=== Task objective ===
Print the listing exactly as it stands, and skip any pictures in it.

=== Data section ===

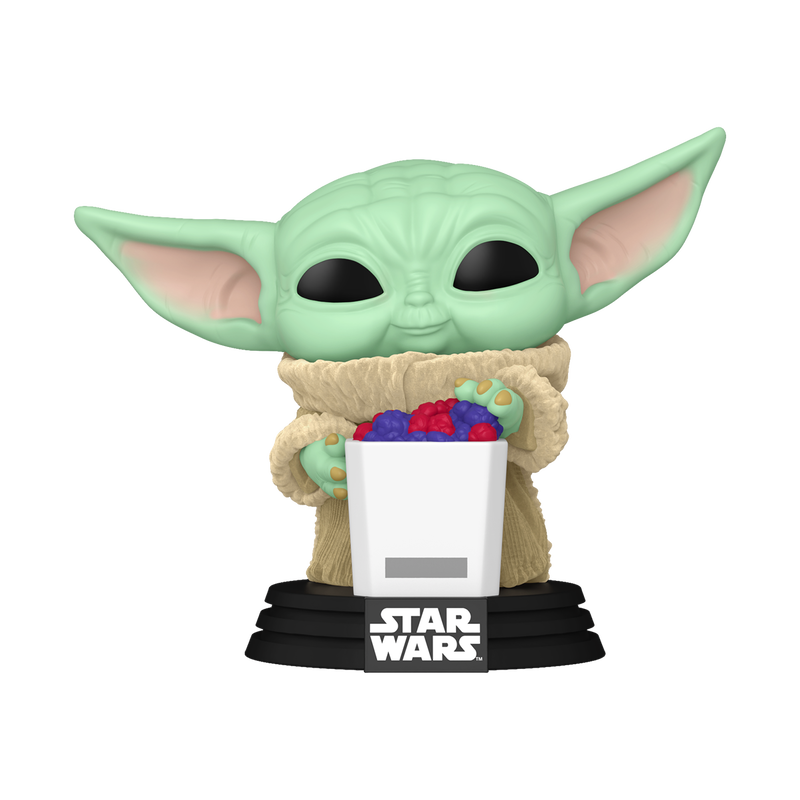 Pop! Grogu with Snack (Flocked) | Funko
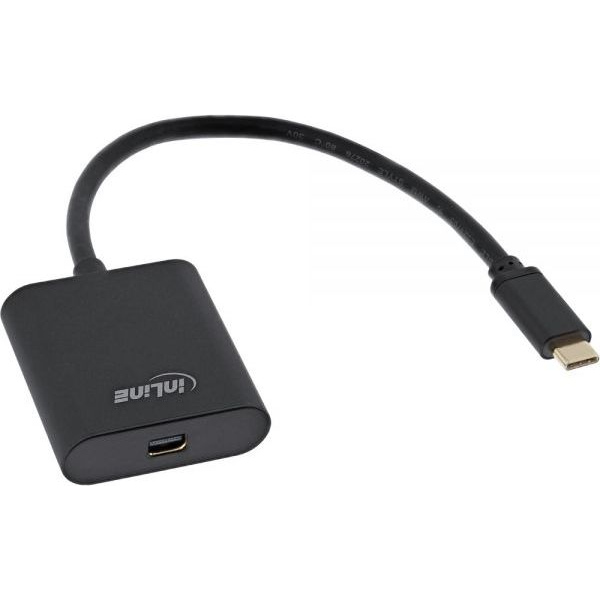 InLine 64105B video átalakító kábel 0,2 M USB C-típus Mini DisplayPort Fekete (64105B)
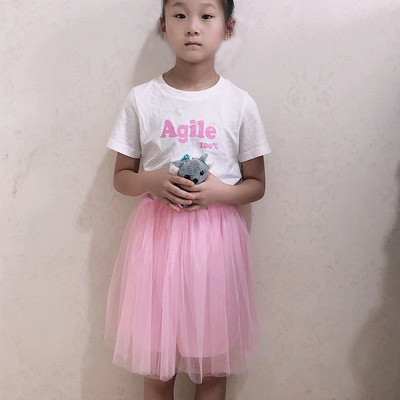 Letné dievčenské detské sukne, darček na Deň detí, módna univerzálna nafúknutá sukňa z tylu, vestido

=== Exercise response ===
 Pop! Grogu with Snack (Flocked) | Funko
 InLine 64105B video átalakító kábel 0,2 M USB C-típus Mini DisplayPort Fekete (64105B)
 Letné dievčenské detské sukne, darček na Deň detí, módna univerzálna nafúknutá sukňa z tylu, vestido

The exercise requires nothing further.